1. 1950 - Nicosia, Dhahran
The two cities were the very first destinations MEA flew to, in addition to Baghdad, Cairo and Kuwait. Dhahran was specifically important due to it being Saudi Arabia's oil hub, and Beirut was on PanAm's round-the-world flight route (starting in New York City) as the connection just before reaching Dhahran. Therefore, MEA became a carrier of choice for major Saudi oil company ARAMCO's American employees, many of whom resided and raised families in Beirut.
2. 1952 - Jerusalem
Beirut and Jerusalem enjoyed heavy passenger exchange due to the presence of vast Palestinian and Jewish communities alike in Lebanon.
3. 1955 - Ankara (via Nicosia), Aleppo
The Turkish capital and Syria's now-destructed Aleppo became daily flight destinations for MEA.
4. 1957 - Vienna (via Istanbul), Tehran (via Baghdad)
Vienna was a splendid addition to the airline's European network and the Tehran route reflected the glory days of both Lebanon and Iran.
5. 1958 - Aden (via Jeddah), Karachi and Bombay (both via Kuwait and Bahrain)
Aden was a main trade hub, and Pakistan and India were profit-generating for MEA as it carried many nationals from those two countries to the Gulf region.
6. 1960 - Lisbon and Madrid (both via Rome)
By then, MEA initiated flights to France, Germany, United Kingdom, and several other European countries. We do, nonetheless, wish those two destinations would come back!
7. 1964 - Khartoum, Robertsfield International Airport, and Freetown
MEA's African network rapidly expanded, joining these three destinations with its still existing flights to Accra, Abidjan, Kano and Lagos. At the time, Robertsfield was the main airport of Monrovia, Liberia.
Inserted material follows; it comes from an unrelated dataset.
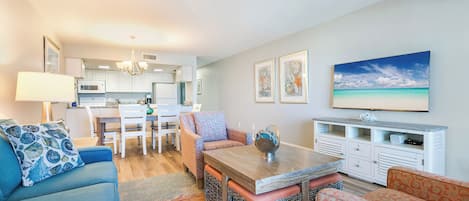 Un soggiorno moderno con un divano, un tavolino e cuscini decorati. Si intravede sullo sfondo un'area pranzo con un tavolo e sedie bianche.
8. 1966 - Addis Ababa, Benghazi
Though there is a non-MEA direct Beirut-Addis Ababa flight today, MEA's past African presence hasn't remain the same.
9. 1967 - Amsterdam
Recent unofficial talks about reviving the Amsterdam route have been heard, but nothing is confirmed. We hope it works, though!
10. 1983 - New York
Can it be 1983 again?
11. 1996 - São Paulo
The large Lebanese community in Brazil made such a route inevitable to implement. However, it was sadly short-lived.